Em uma dura fala, o presidente do STF, Dias Toffoli, saiu em defesa de Mendonça, que, segundo ele, teve uma “atuação absolutamente correta” no episódio.

“Nós não podemos fazer injustiças com pessoas que dedicam a vida pública ao Estado brasileiro de maneira correta. Há muitas pessoas que, às vezes, aparecem na imprensa bem na foto, mas são péssimas na vida pública, criando fundos para administrarem, criando inimigos políticos para depois serem candidatos, e afastando as pessoas da vida pública e querendo galgar depois eleições futuras”, disse, sem citar o nome de Moro, mas apontando que para “bom entendedor, meia palavra basta”.

Em nota, a assessoria de imprensa do ex-ministro disse que ele desconhece “qualquer relatório de inteligência sobre movimentos antifascistas produzido durante a sua gestão”. “O relatório divulgado na imprensa seria de junho de 2020 e teria sido requisitado após a sua saída do ministério”, apontou.
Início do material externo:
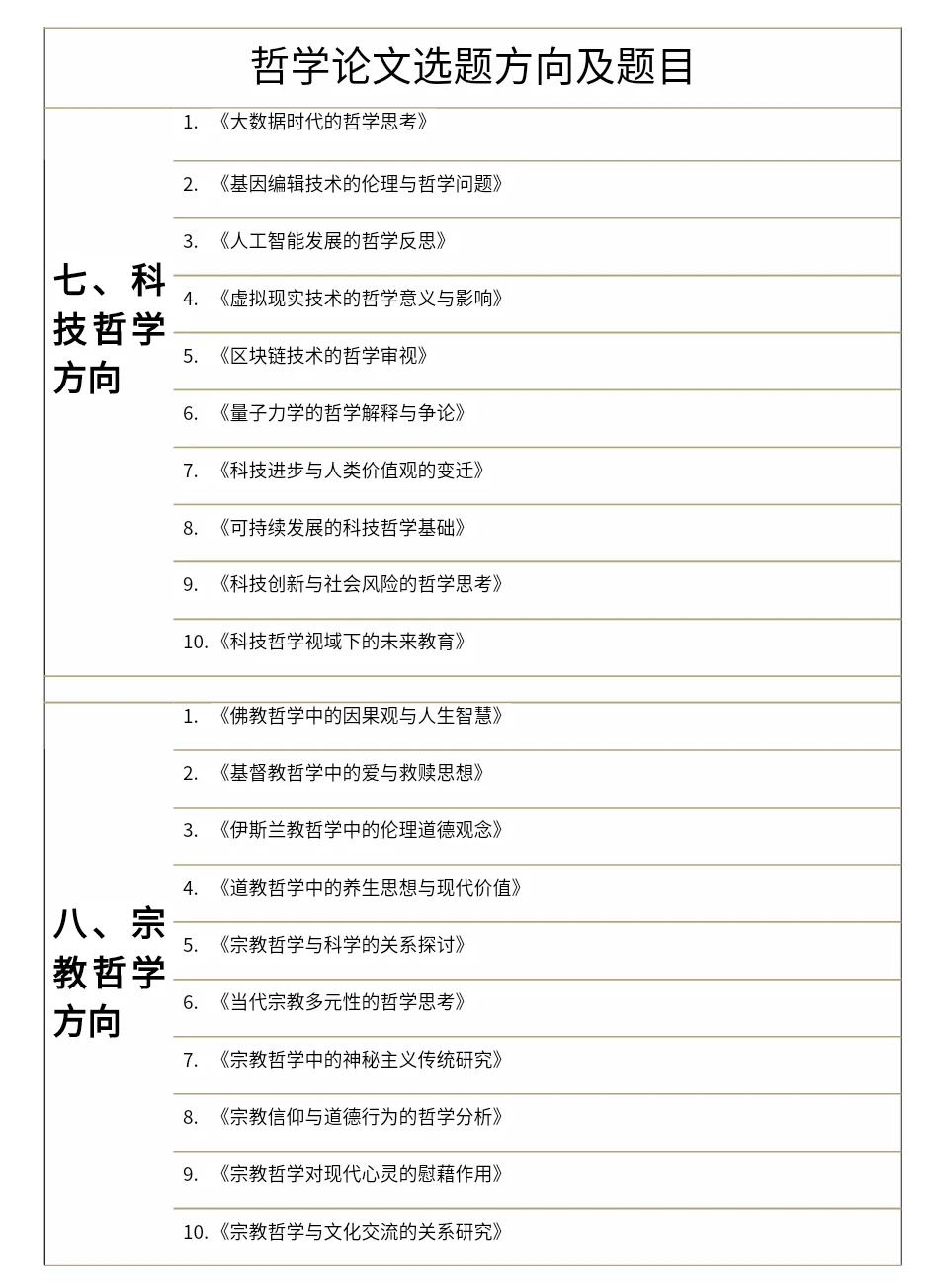 哲学专业的选科要求(哲学专业的选科要求高吗)
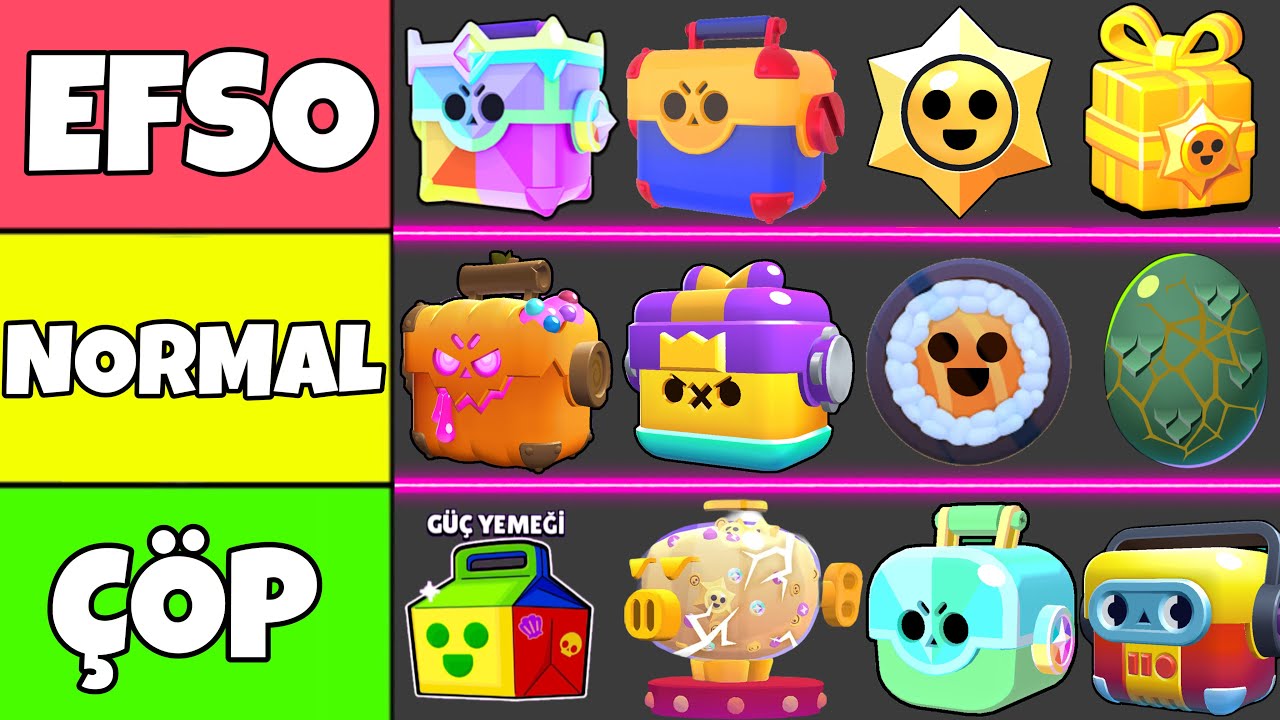 EN İYİDEN EN KÖTÜYE TÜM KUTU AÇILIMLARINI SIRALADIM !! BRAWL STARS KATMAN LİSTESİ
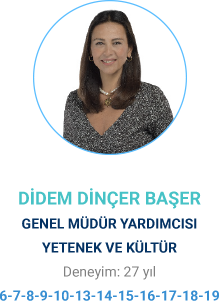 DİDEM DİNÇER BAŞER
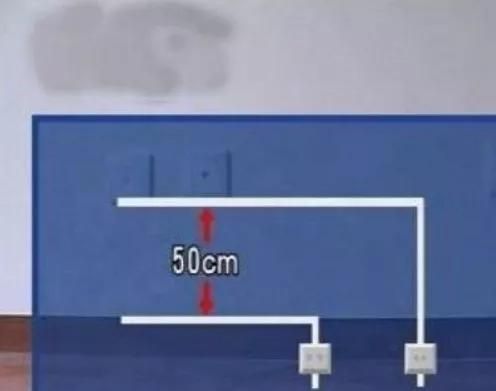 強弱線槽安全距離50cm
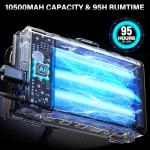 AKNEAR Rechargeable Super Bright LED Headlamp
De maneira geral, os magistrados afirmaram que há indícios de desvio de finalidade na produção do dossiê que listou quase 600 servidores públicos ligados a movimentos antifascistas. Assim, a Corte deferiu a liminar solicitada pelo partido Rede Sustentabilidade para impedir a produção de relatórios pelos órgãos de inteligência do governo, mas não atenderam o pedido para que a Polícia Federal (PF) abrisse um inquérito para apurar o caso.

No voto proferido anteontem, durante o início do julgamento, Cármen afirmou que relatórios sobre as escolhas políticas dos cidadãos remonta ao período da ditadura militar. A prática, segundo ela, “não é nova neste país, e não é menos triste termos que voltar a esse assunto quando se acreditava que era apenas uma fase negra de nossa história”.

Para Alexandre de Moraes, houve desvio de finalidade na produção do dossiê. “O que mais me preocupou é a tentativa de começar a ‘planilhar’ as preferências políticas e filosóficas de policiais, sem que eles tivessem praticado nenhuma atividade ilícita.”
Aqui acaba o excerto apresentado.